The simulator is the core of the PetroMod software suite, enabling simulating the entire history of a sedimentary basin from the deposition of the bottom layer onward. PetroMod software uses consistent simulators in 1D, 2D, and 3D, which means that all technical features and tools are available—and identical—in all dimensions. It also enables using different migration methods—Darcy, flow path (ray tracing), invasion percolation (IP), and PetroMod software’s hybrid Darcy–flow path—IP simulator—with the same data models.
Pressure and temperature simulation is the most fundamental part of PetroMod software’s simulator. Temperature is simulated based on the upper boundary condition determined as the surface temperature, the basal heat flow at the lower boundary of the model, and the thermal conductivity of all layers in the model. Additional effects, such as radiogenic heat generation, can be included.

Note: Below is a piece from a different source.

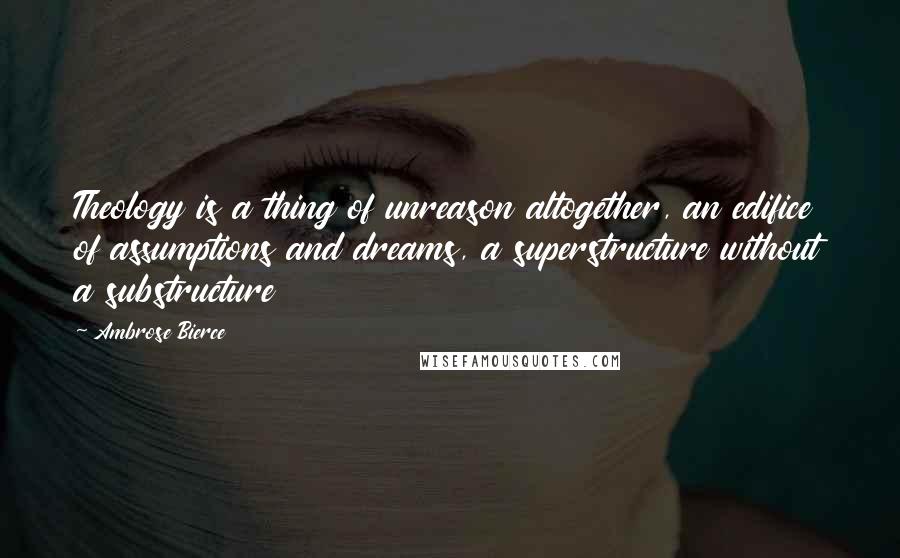 Ambrose Bierce Quotes: Theology is a thing of unreason altogether, an edifice of assumptions and dreams, a superstructure without a substructure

For pressure modeling, various compaction laws can be modeled as defined in the lithologies and pressure boundary conditions can be assigned to account for the effect of regional stress or aquifers.
PetroMod software includes a database of reaction kinetics to predict the phases and properties of hydrocarbons generated from source rocks of various types. Adsorption models describe the release of generated hydrocarbons into the free pore space of the source rock. Users can include their own data or select one out of more than 100 default kinetic reactions based on real source rock data from all over the world.
PetroMod software’s migration modeling technology is the most advanced tool available and the only commercial system with fully PVT-controlled modeling of n-component three-phase relationships during the entire migration process. The 2D and 3D migration modeling technology uses flash calculations throughout the entire model and its geologic history, which improves the understanding and prediction of petroleum properties and oil versus gas probability assessments. Source rock tracking is possible in both 2D and 3D migration modeling for better understanding complex petroleum systems by tracking oil and gas from the source to the trap and evaluating the relative risks of charging from different source units or areas. Migration simulation methods include Darcy flow, flow path analysis, hybrid petroleum migration modeling technology, and invasion percolation.